Как показали некоторые исторические исследования, смерть сама по себе была гораздо более нормальной частью человеческого опыта, когда ее правомерность признавали не только в отношении очень старых людей. Потерять по какой-либо причине молодого члена семьи, конечно, всегда было трагедией; и все же его смерть в бою не считалась таким уж чрезвычайным и неприемлемым событием, как теперь. В США те родители, которые по меньшей мере одобряют решение детей поступить на службу в армию, то есть выбрать карьеру, посвященную войне и подготовке к ней, ныне зачастую реагируют с удивлением и гневом, когда их детей действительно посылают туда, где может произойти сражение. Раны и смерть кажутся им скорее возмутительным скандалом, нежели профессиональным риском.

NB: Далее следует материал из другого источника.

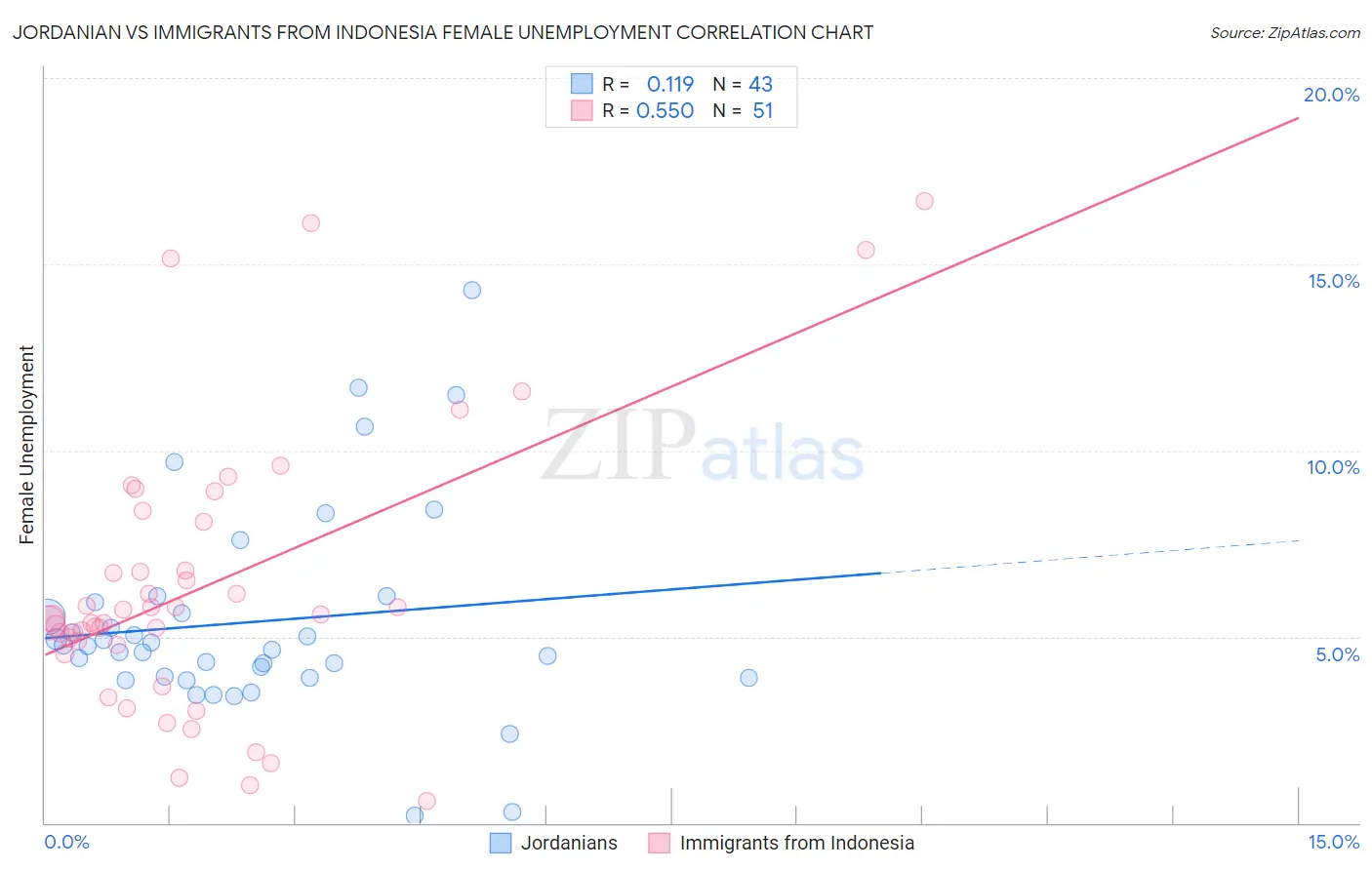 Jordanian vs Immigrants from Indonesia Female Unemployment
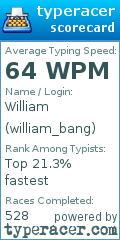 Scorecard for user william_bang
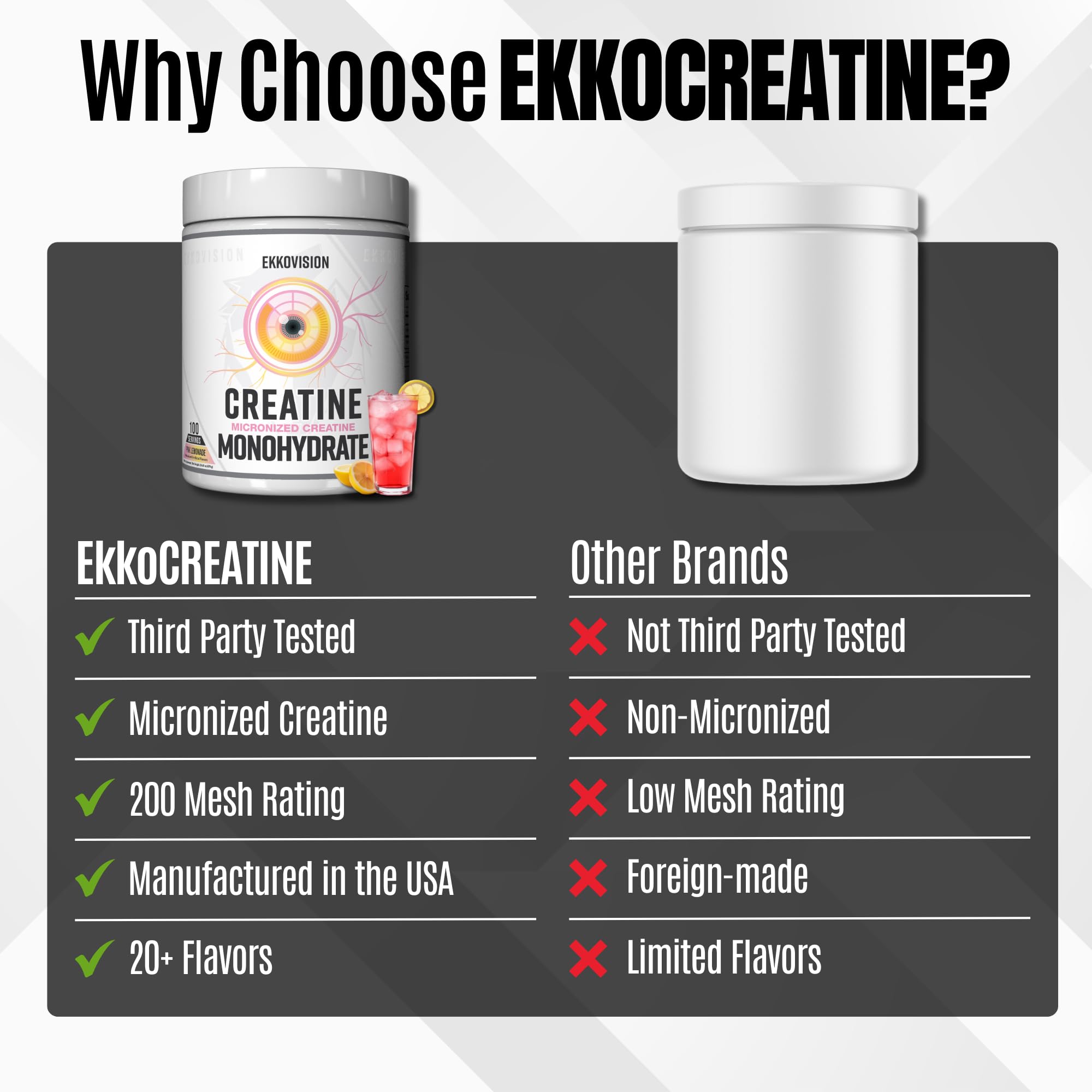 Ekkovision Creatine supports energy and endurance during training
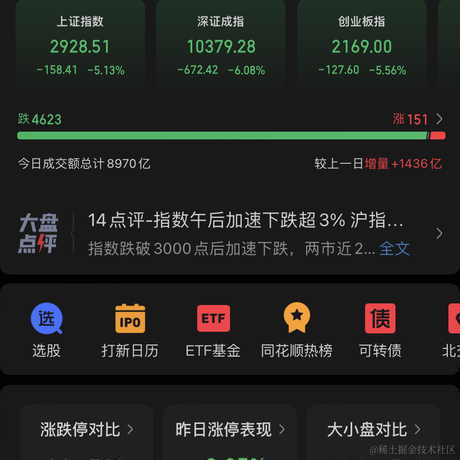 南方姑娘上班爱摸鱼于2022-04-25 15:04发布的图片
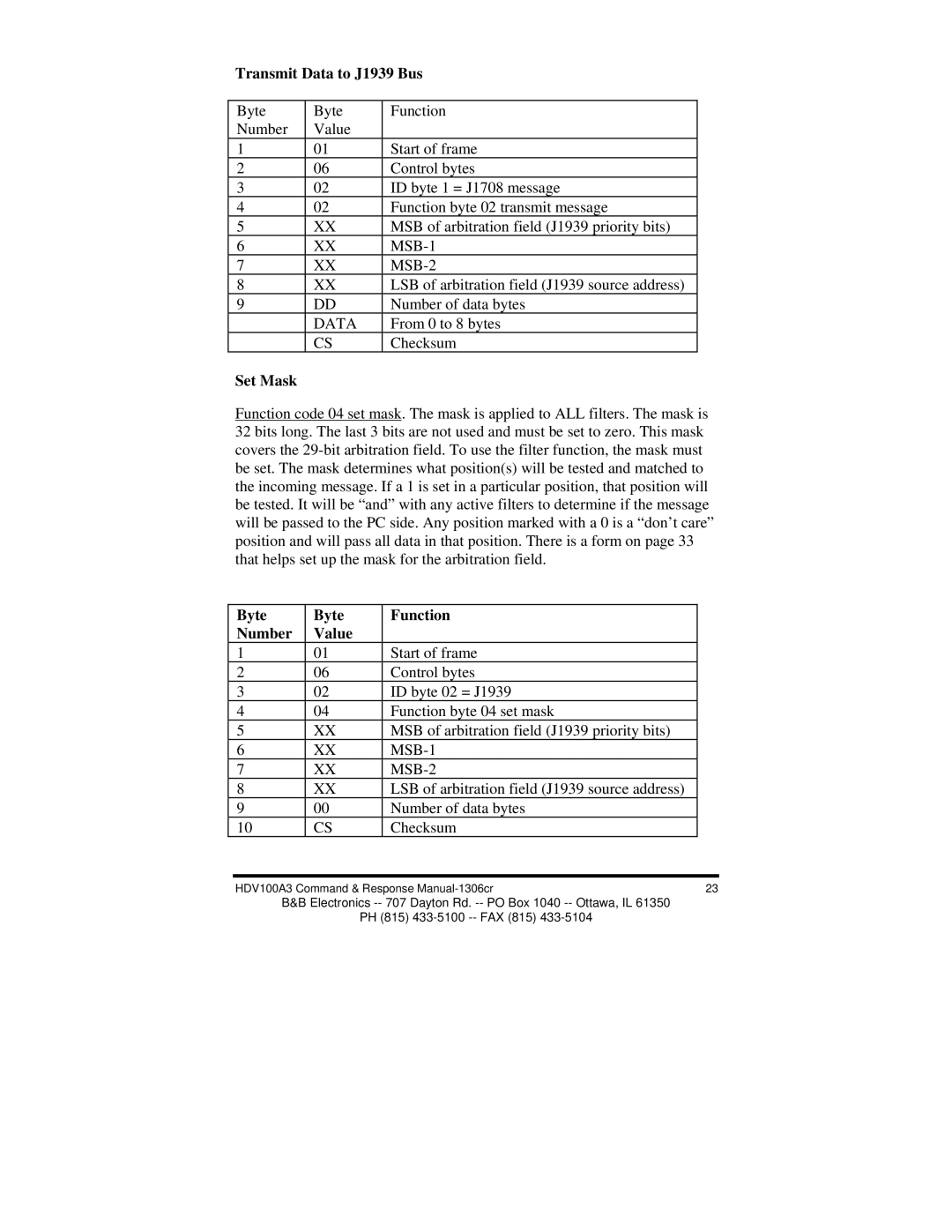 B&B Electronics HVD100A3 manual Transmit Data to J1939 Bus, Set Mask, MSB-1 MSB-2 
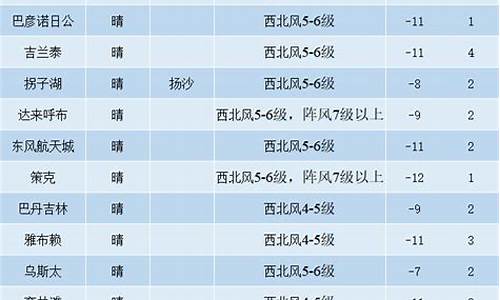 额济纳旗天气预报30天准确_额济纳旗天气预报30天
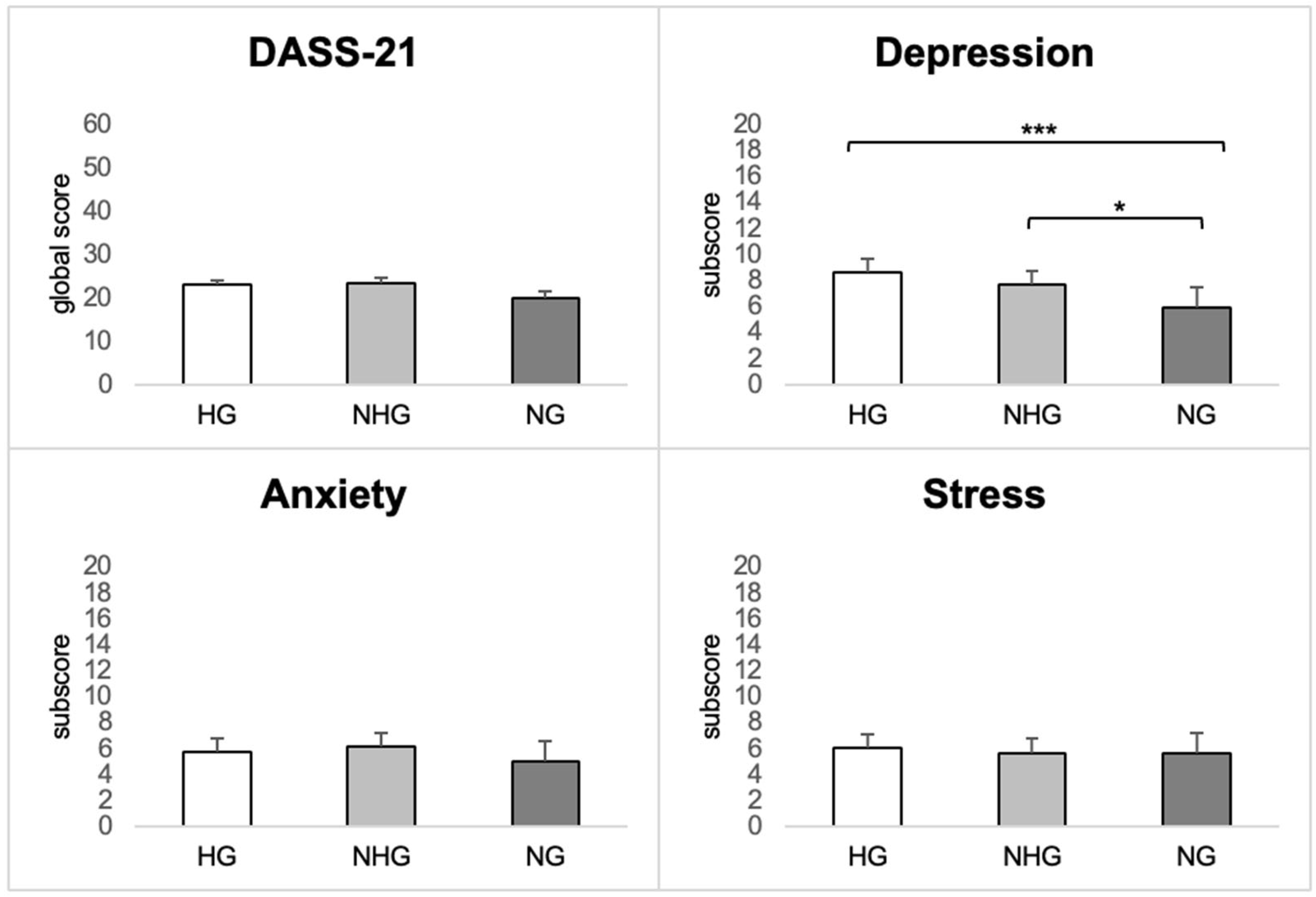 Brainsci 13 00279 g001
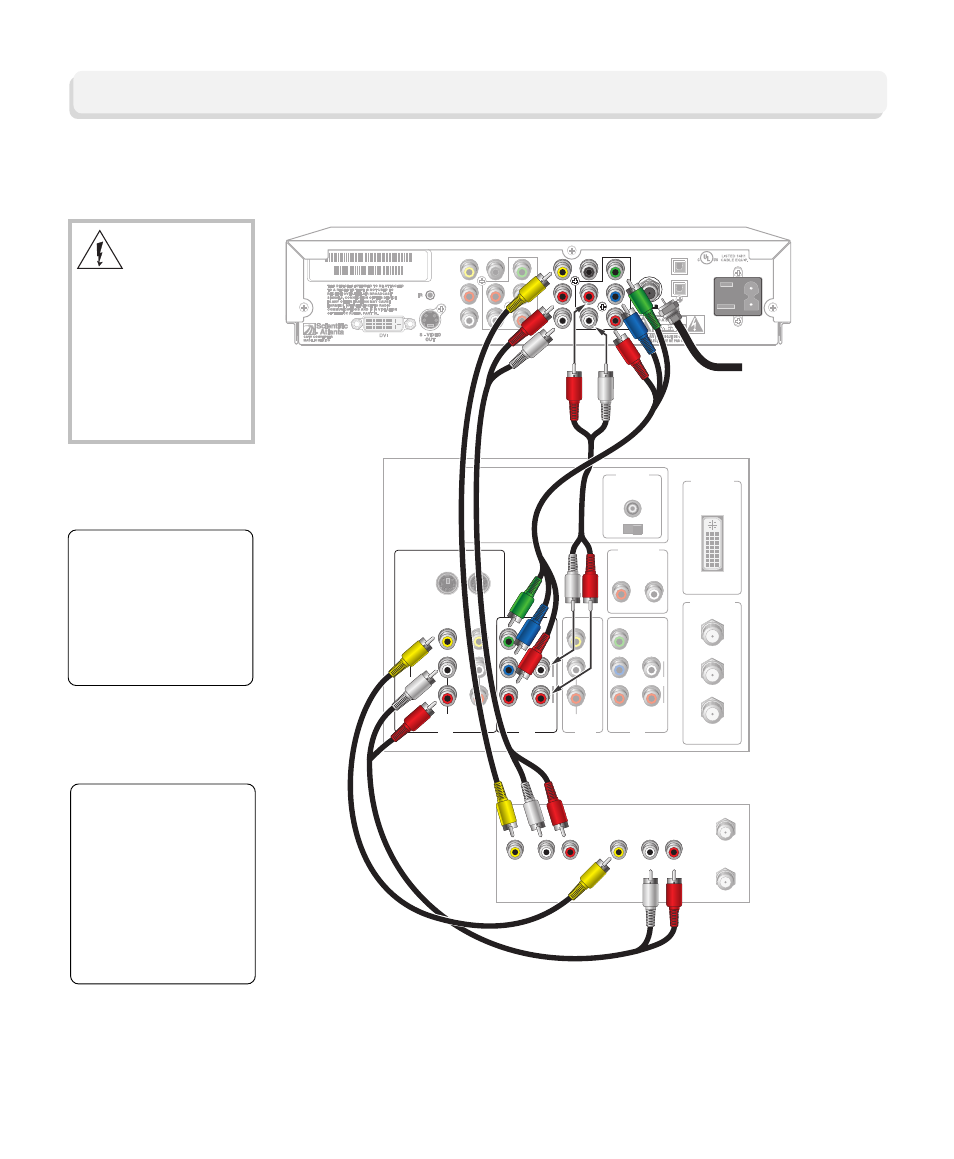 Connecting the 3250hd loop-through model, Typical hdtv and a stereo vcr, Explorer 3250hd back of hdtv | Back of stereo vcr | Scientific Atlanta 3250HD User Manual | Page 18 / 28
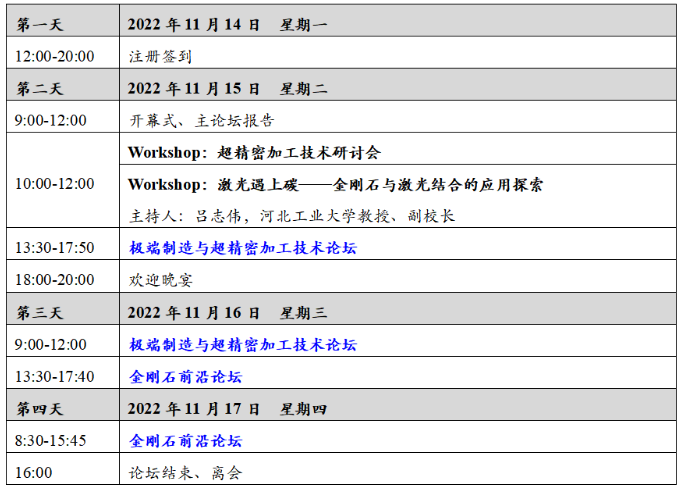 2022 極端制造與超精密加工論壇 & 金剛石前沿論壇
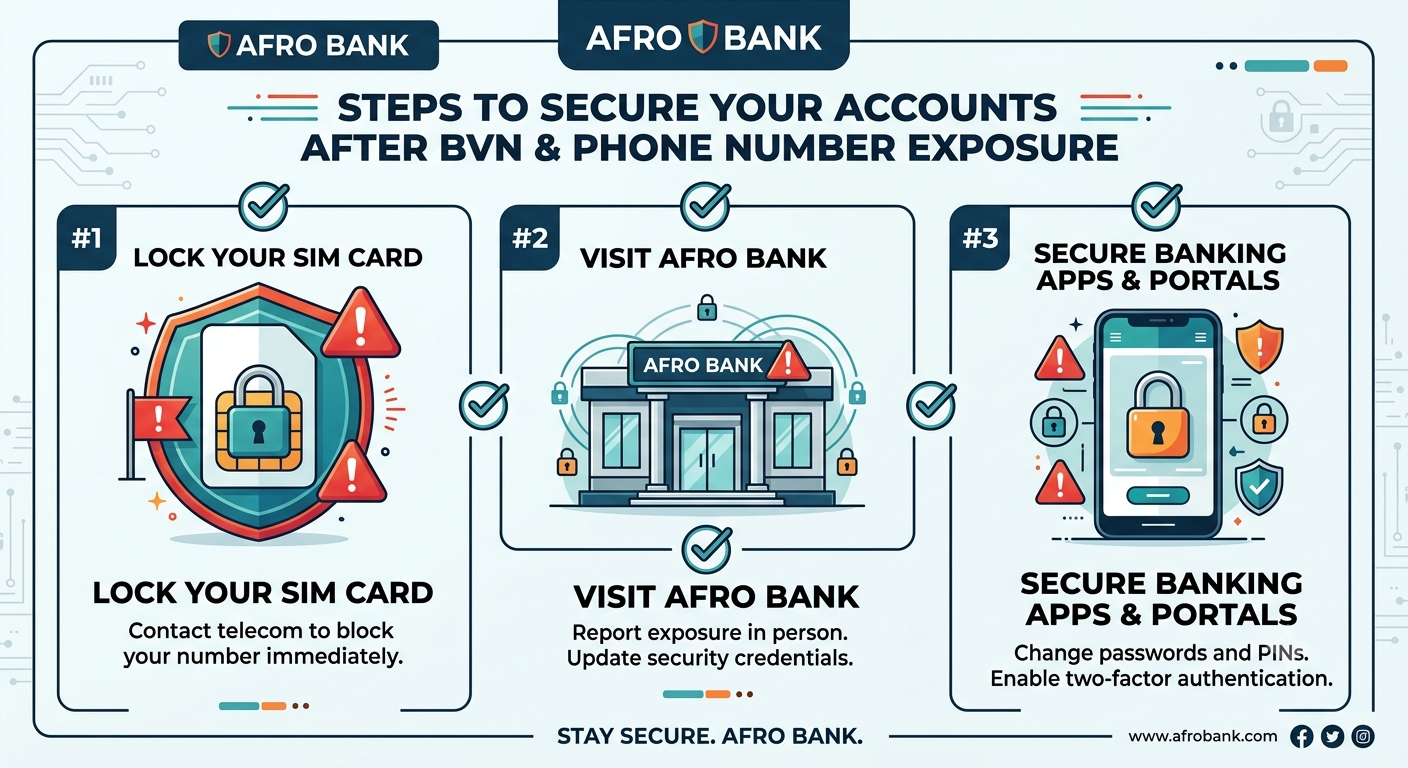"Emergency checklist for securing bank account after BVN and phone number exposure."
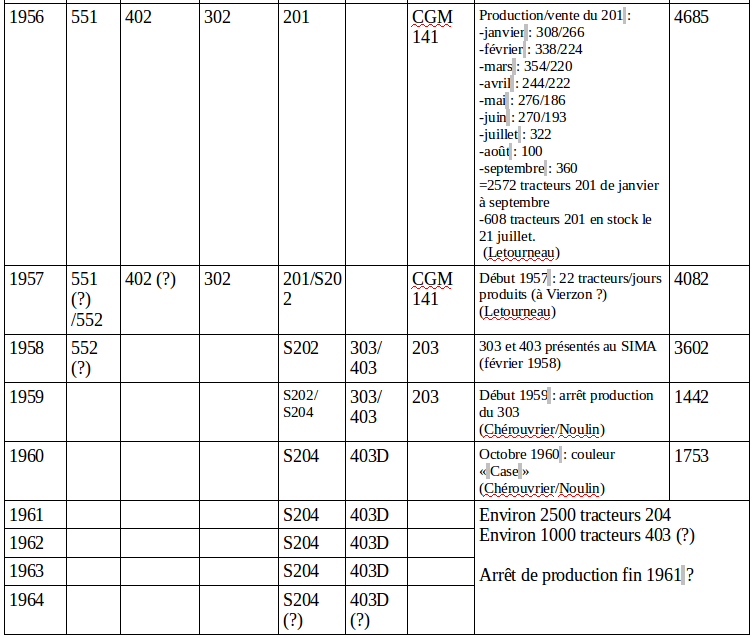 DOSSIER : chiffres de production de tracteurs par année et par modèles Sfv_pr16
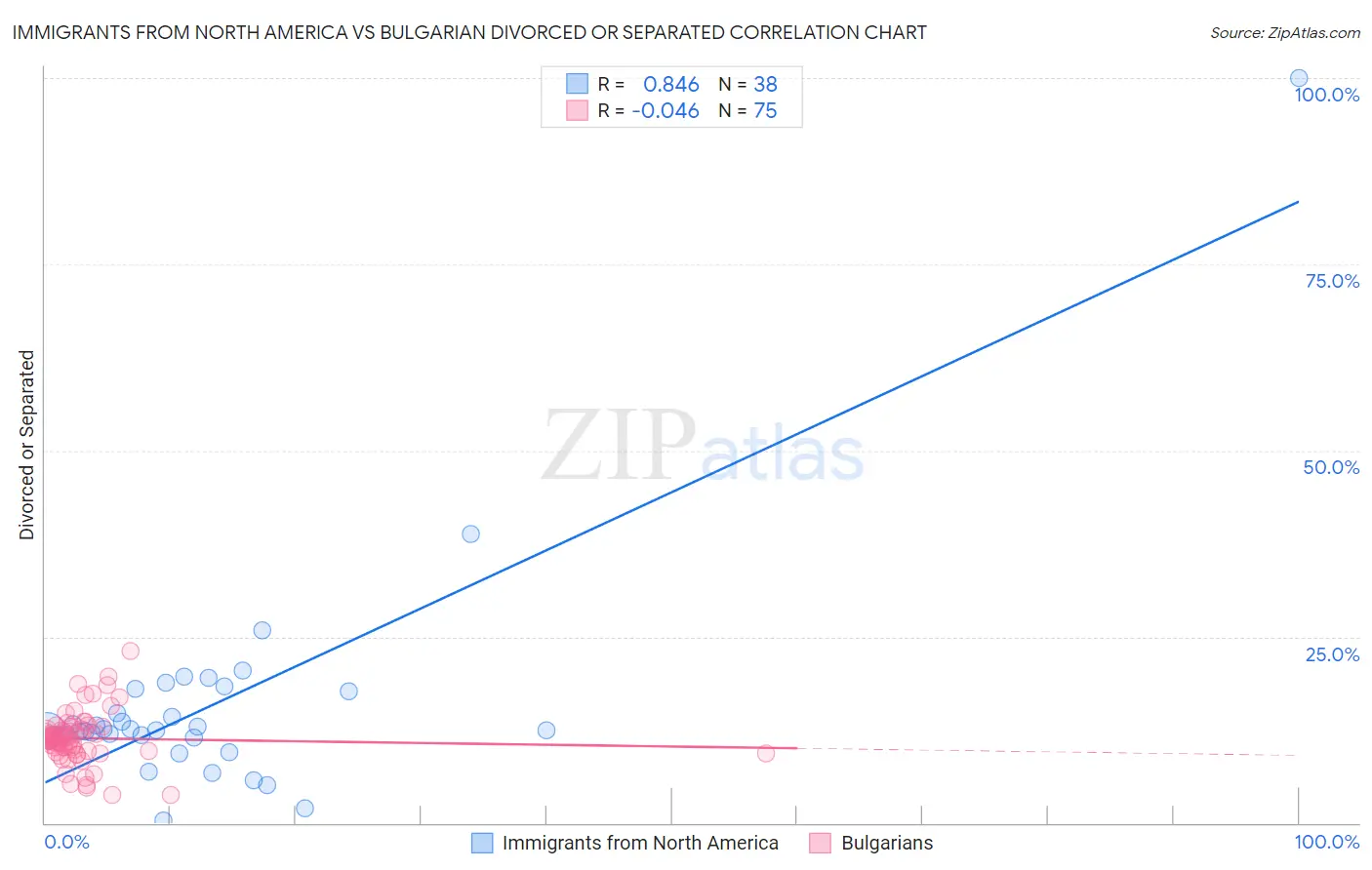 Immigrants from North America vs Bulgarian Divorced or Separated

У итальянцев (в этом смысле — возможно, самой постиндустриальной нации, и, конечно же, с самым низким уровнем рождаемости в Европе) есть особое словечко для такой реакции: «мамизм» (mammismo). Эта позиция, как ее ни называй, оказывает значительное влияние на политику, властно сдерживая применение силы. И опыт СССР в Афганистане доказывает, что это сдерживание может стать действенным даже без влияния СМИ, охочих до того, чтобы делать всеобщим достоянием горе частных людей, и без парламентариев, готовых идти на поводу у безутешных родственников. В самом деле, опыт СССР показывает, что дело обстоит почти так же, даже если число жертв хранится в тайне благодаря строжайшей цензуре, — ужасные слухи об огромных потерях разносятся все равно. В 1994 году, когда демократическая Российская Федерация приняла и свободную прессу, и «громкий парламент», отказ от дальнейших военных потерь прервал подавление провозгласившей независимость Чечни. В России изменилось все, кроме общества, не желающего больше мириться с тысячами жертв ни по какой причине, — даже ради того, чтобы наказать мало кому симпатичных чеченцев. (Вторая чеченская война в 1999 году велась по большей части артиллерийскими обстрелами и бомбардировками с воздуха, с упором на тяжелую бронетехнику, при том что наземных боестолкновений было очень мало, а потери свелись к абсолютному минимуму: всего несколько сотен человек к концу года.)